Personal information
- Full name: Ana Carolina Silva de Moura
- Nationality: Brazil
- Born: 27 November 1995 (age 30) Belo Horizonte, Minas Gerais, Brazil

Sport
- Country: Brazil
- Sport: Para Taekwondo
- Disability class: F44
- Weight class: 65kg

Medal record
Women's Parataekwondo
Representing Brazil
Summer Paralympics
| Gold medal – first place | 2024 Paris | –65 kg |
Parapan American Games
| Gold medal – first place | 2023 Santiago | –65 kg |
Parataekwondo Grand Prix
| Bronze medal – third place | 2023 Paris | –65 kg |
| Gold medal – first place | 2022 Riyadh | –65 kg |
| Gold medal – first place | 2022 Paris | –65 kg |
World Para Taekwondo Championships
| Gold medal – first place | 2023 Vera Cruz | –65 kg |
| Bronze medal – third place | 2021 Istanbul | –65 kg |
Pan Am Series II (Para)
| Gold medal – first place | 2023 Rio de Janeiro | –65 kg |

= Ana Carolina Silva de Moura =

Brazilian parataekwondo practitioner (born 1995)

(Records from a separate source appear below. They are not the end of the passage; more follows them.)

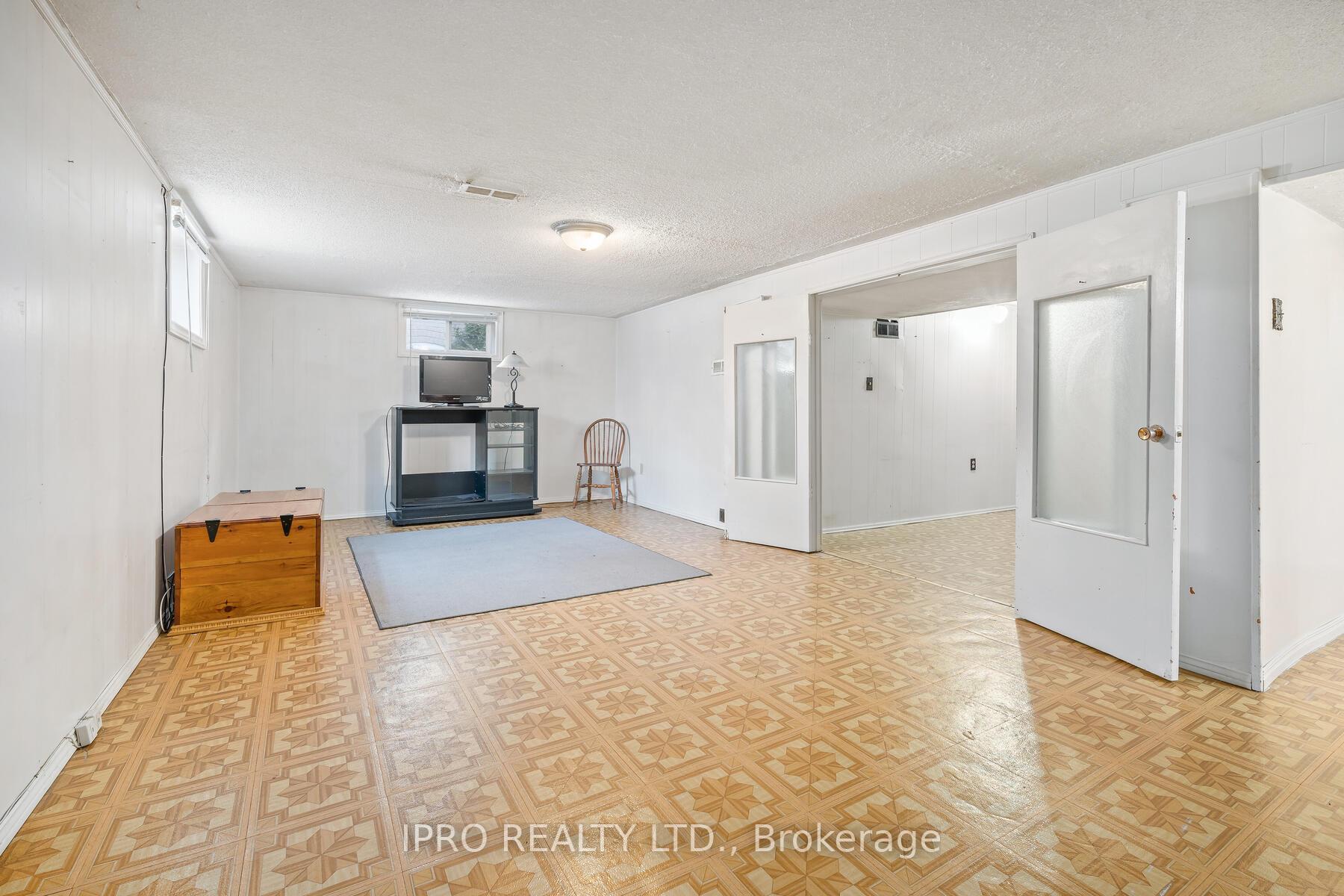 Photo 15 of 11 Byron Street, Halton Hills, Georgetown — HOMEH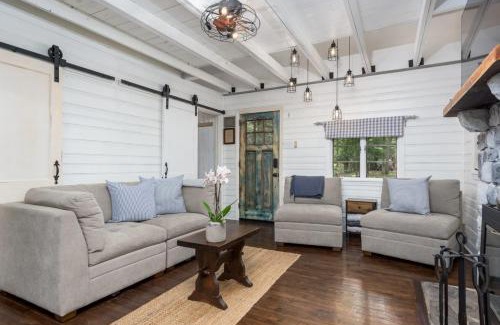 Lake Harmony House | The Biddle House by AvantStay Breathtaking Views Walk to Lake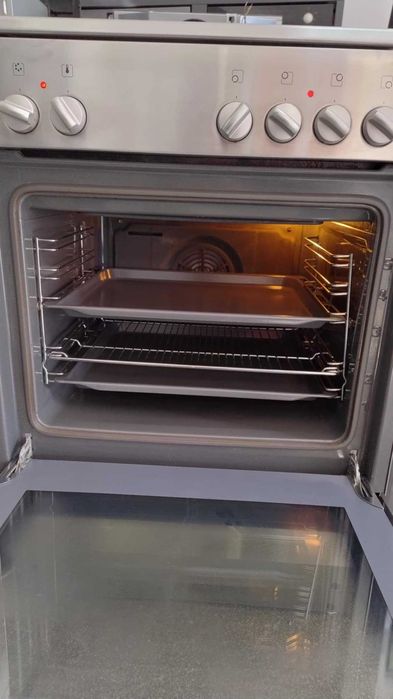 A+ Иноксова-Инокс Готварска печка с керамичен плот Bosch-Бош 71 л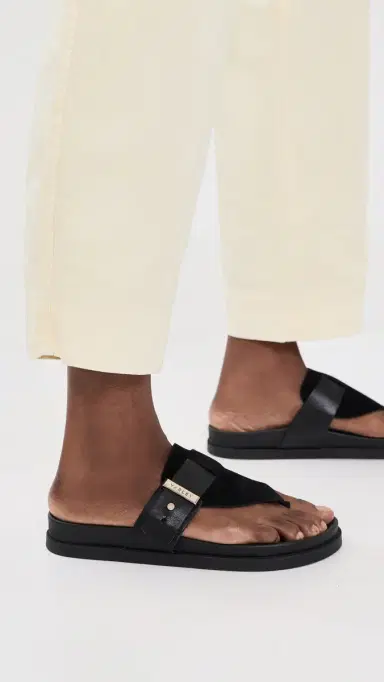 Varley Suna Toe Post Sandals | Thumbnail 3 Varley Suna Toe Post Sandals | Thumbnail 3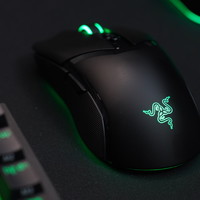 小手玩家不将就，轻量化旗舰新选择RAZER COBRA PRO雷蛇眼镜蛇专业版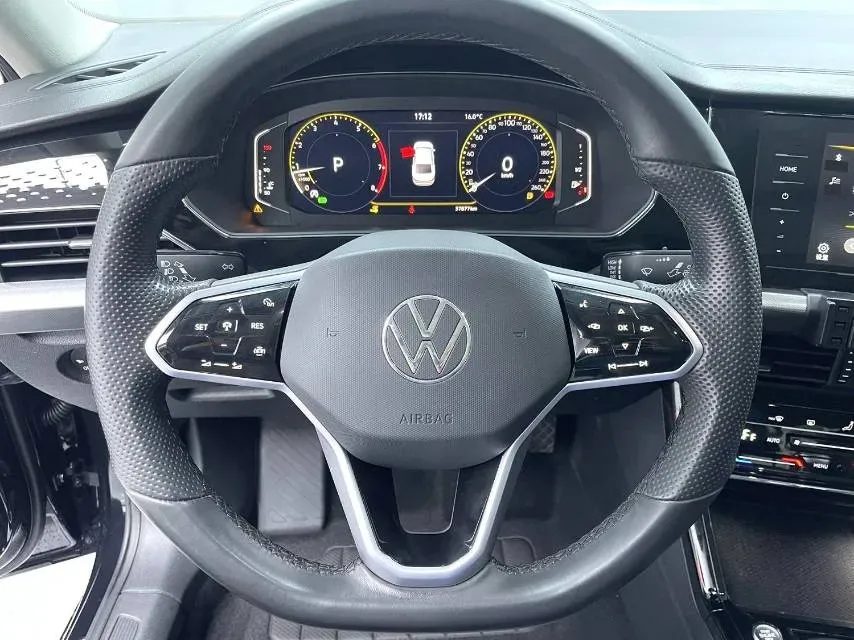 2023 Volkswagen Passat 2.0T 186HP L4 7DCT,autocango,china used car exporter,china ev exporter,chinese used car exporter,chinese used ev exporter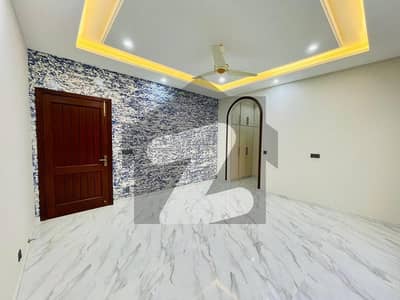 kanal luxury designer upper portion available for rent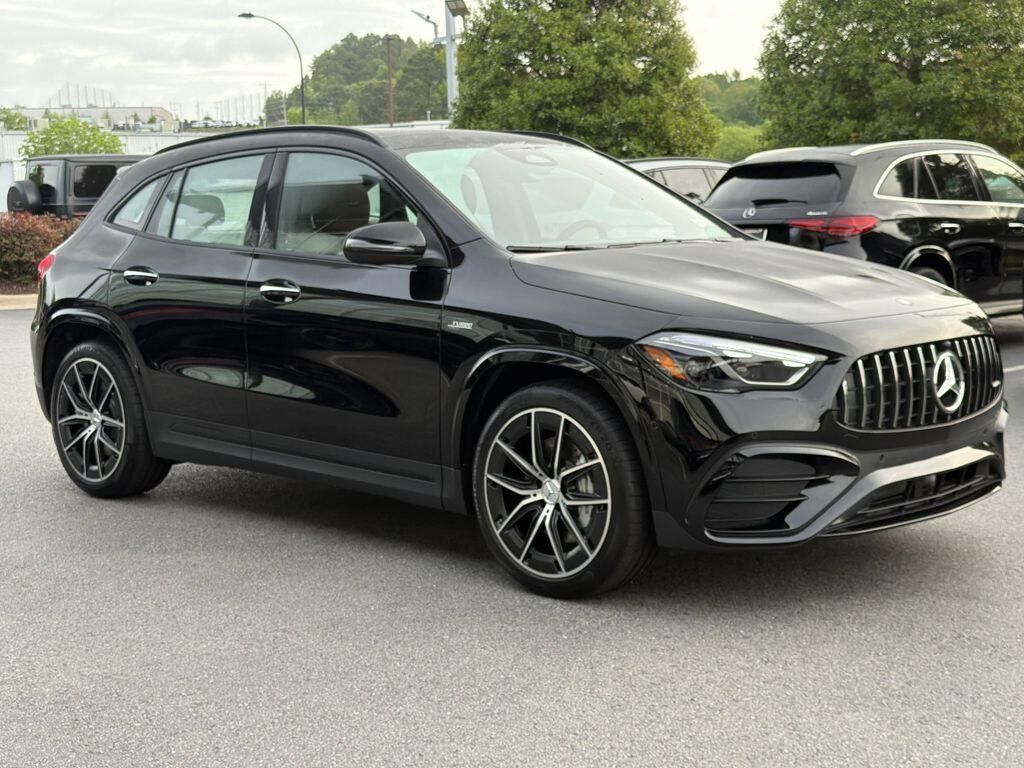 2026 MERCEDES-BENZ GLA-Class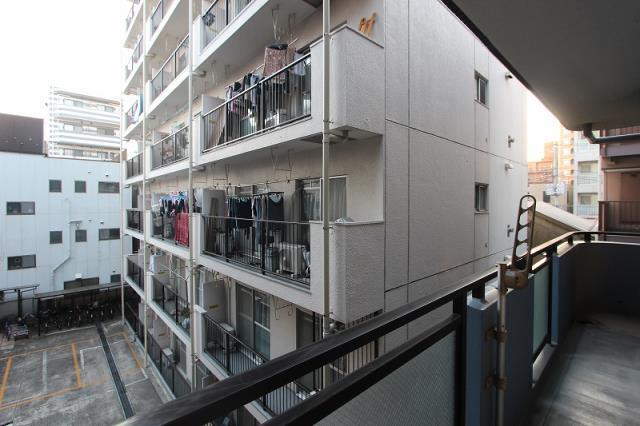 View photos from the dwelling unit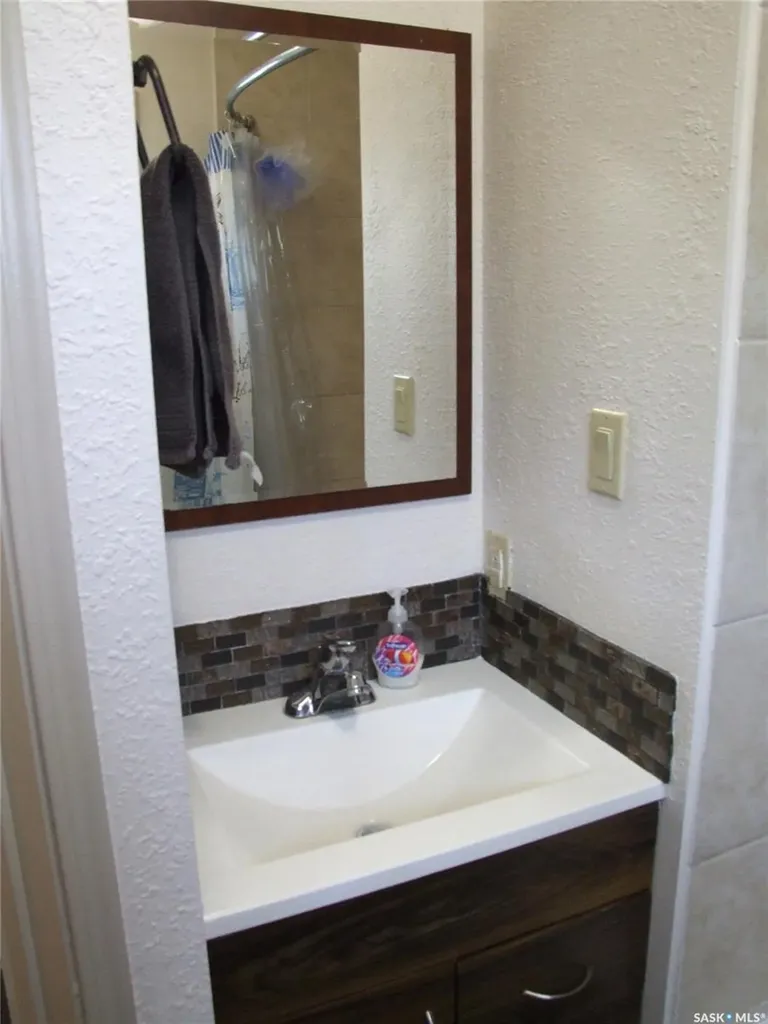 115 1st Street E Leader SK S0N 1H0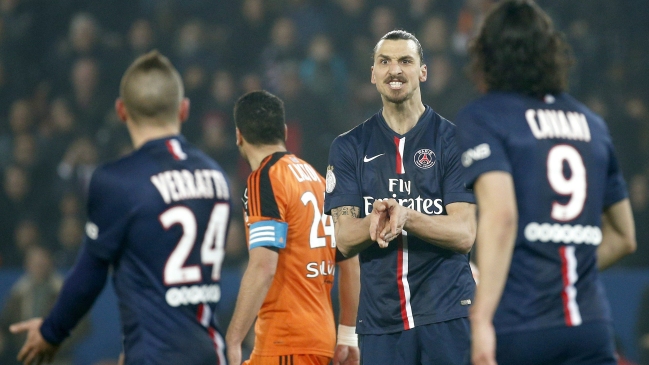 Ibrahimovic anotó tres goles ante Lorient y dejó a PSG como líder provisorio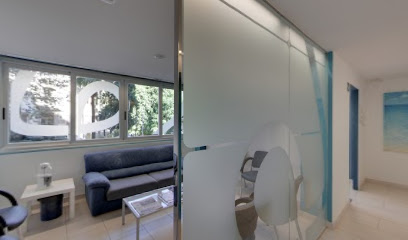 Palma - CLINICA DENTAL LUIS MARTINEZ BARCELO - Centro Dental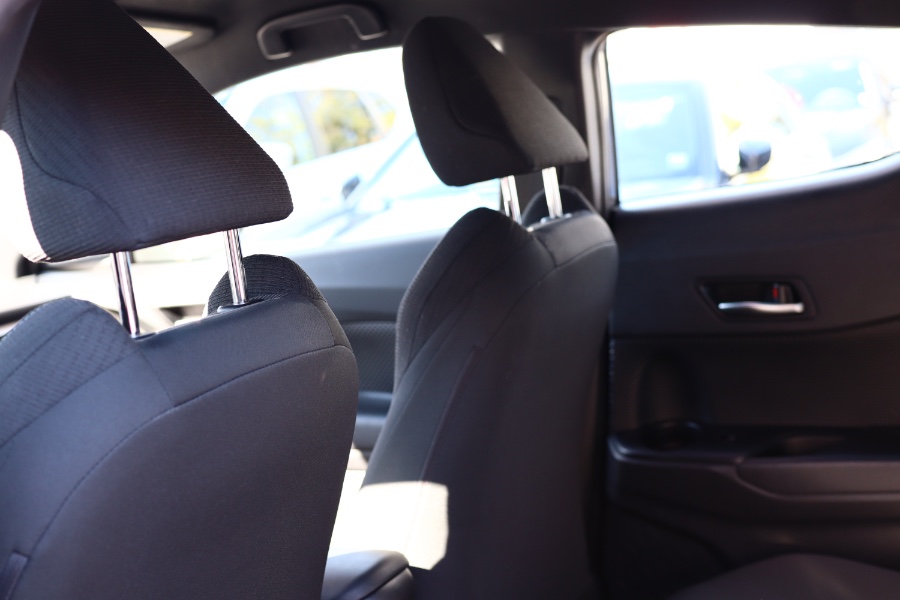 Used Toyota C-HR LE FWD (Natl) 2019 | Hillside Auto Mall Inc.. Jamaica, New York Used Toyota C-HR LE FWD (Natl) 2019 | Hillside Auto Mall Inc.. Jamaica, New York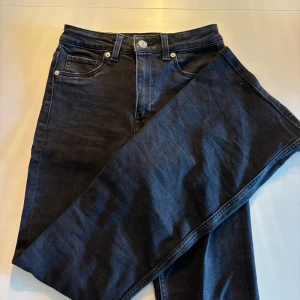 Mörk gråa bootcut midwaist jeans💕 - Mörk gråa bootcut mid waist jeans💕 helt oanvända utan prislapp!!💕 de är ifrån h&m och är i storlek 34💕 skriv för fler bilder!!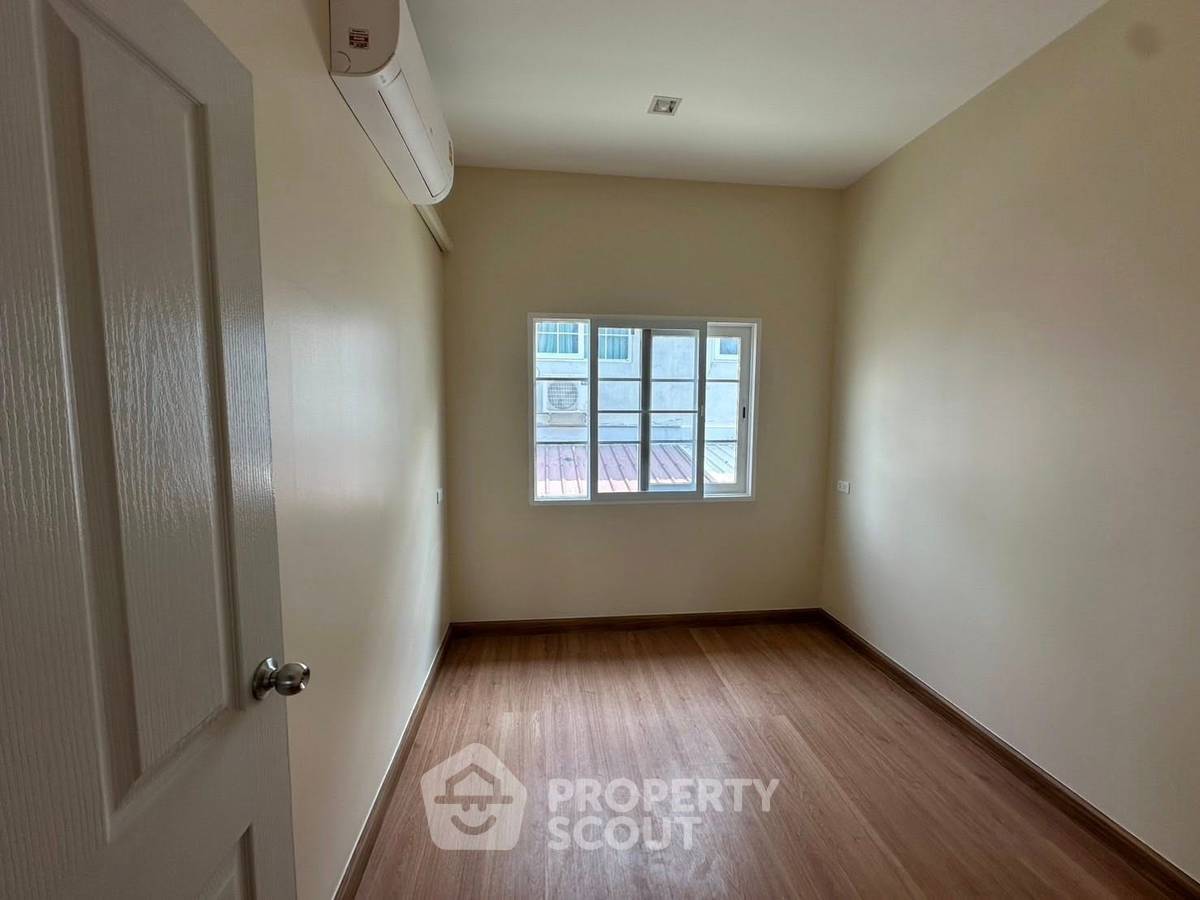 รูป บ้าน 4-ห้องนอน ใกล้ พัทยาตะวันออก (ID 2229409) - รูปที่ 12/12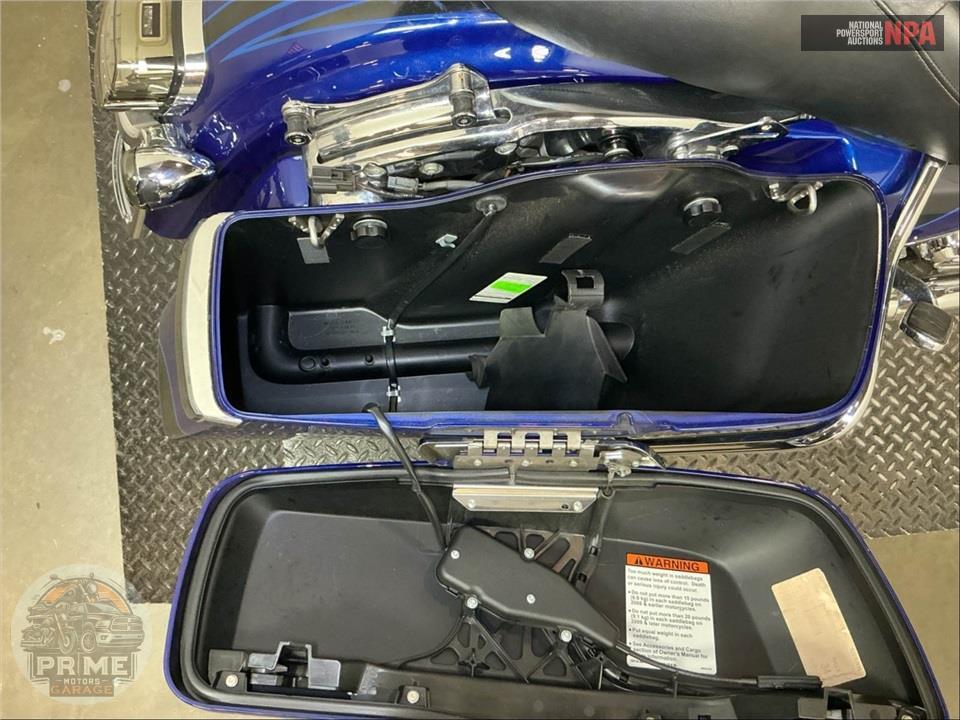 2015 Harley-Davidson FLTRUSE CVO ROAD GLIDE ULTRA — фото 27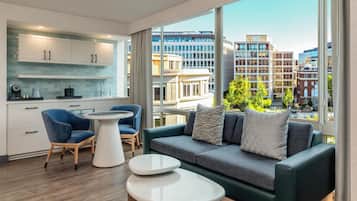 Suite (Monument Suite) | Premium bedding, in-room safe, desk, laptop workspace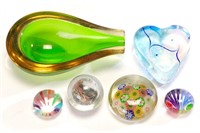 ART GLASS GROUP DISH PAPERWEIGHTS +
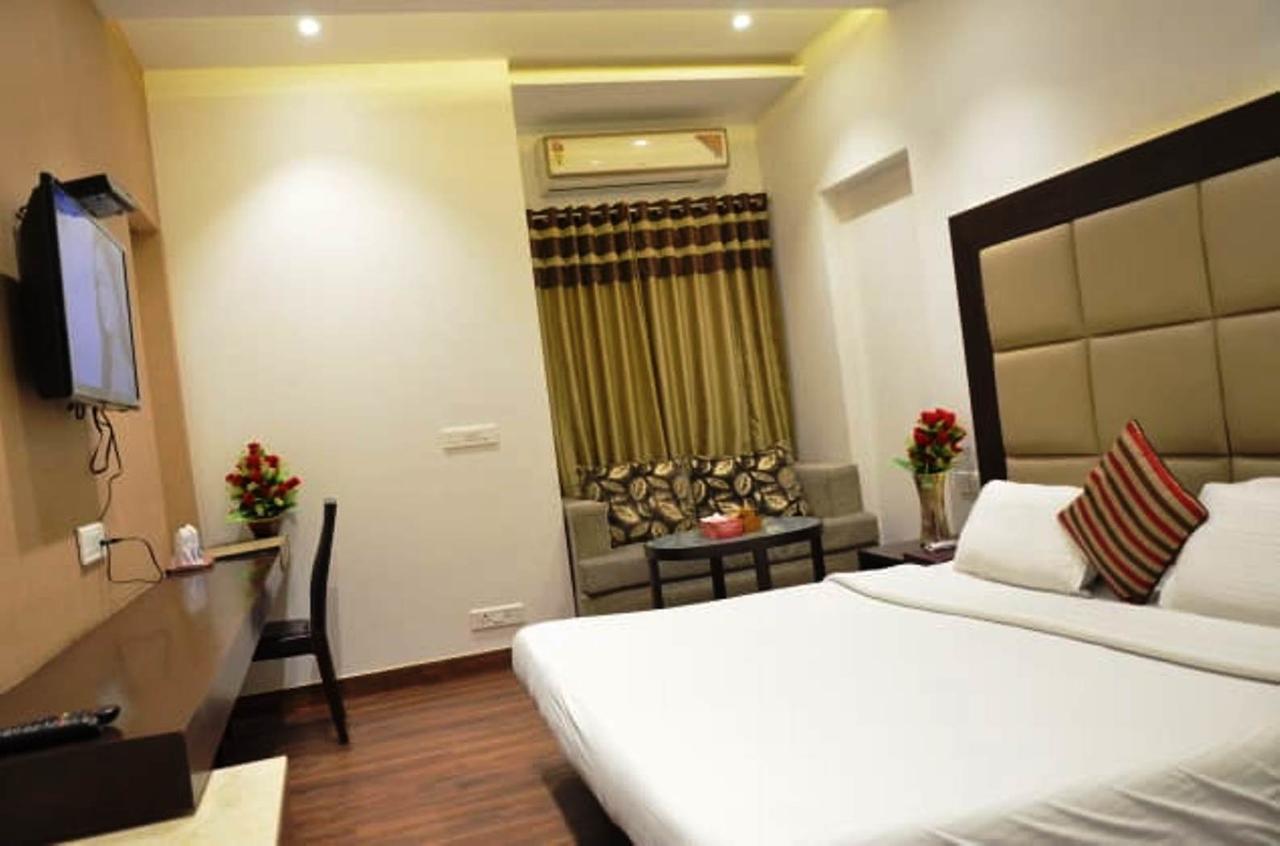 Hotel Vipul Grand คูร์เคาน์ ภายนอก รูปภาพ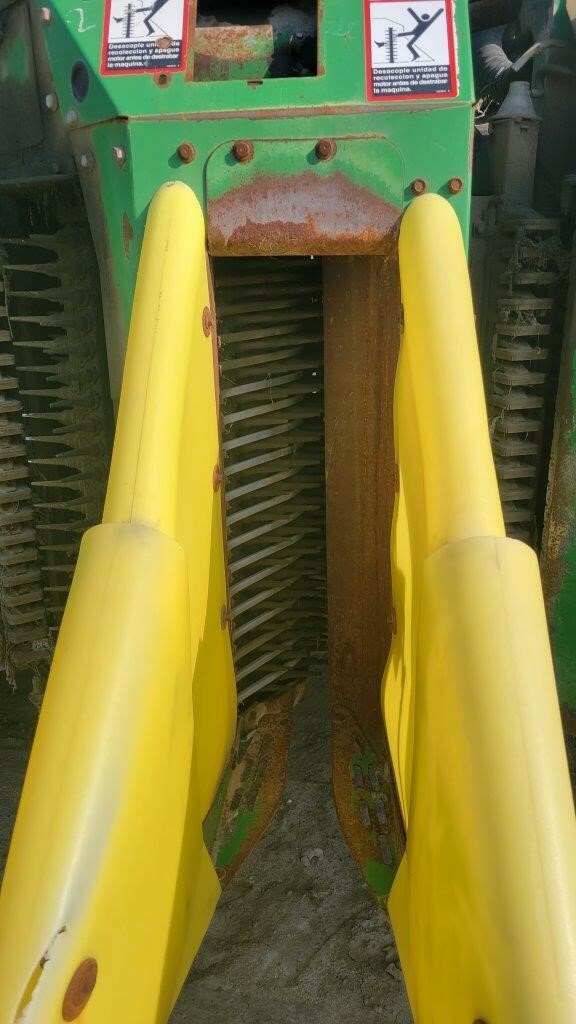 2005 John Deere 9996 Cotton Equipment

Ana Carolina Silva de Moura (born 27 November 1995) also known as Carol Moura and Carolina Moura, is a Brazilian para-taekwondo practitioner who competes in the F44 classification in the under 65 kg category.

== Biography ==
Moura was born in Belo Horizonte with a congenital malformation in her right forearm. She has been involved in various sports, having practiced soccer, dance and rhythmic gymnastics before pursuing parataekwondo in 2016, in order to be able to defend herself after being robbed in downtown Belo Horizonte and losing a piece of jewelry that held sentimental value for her.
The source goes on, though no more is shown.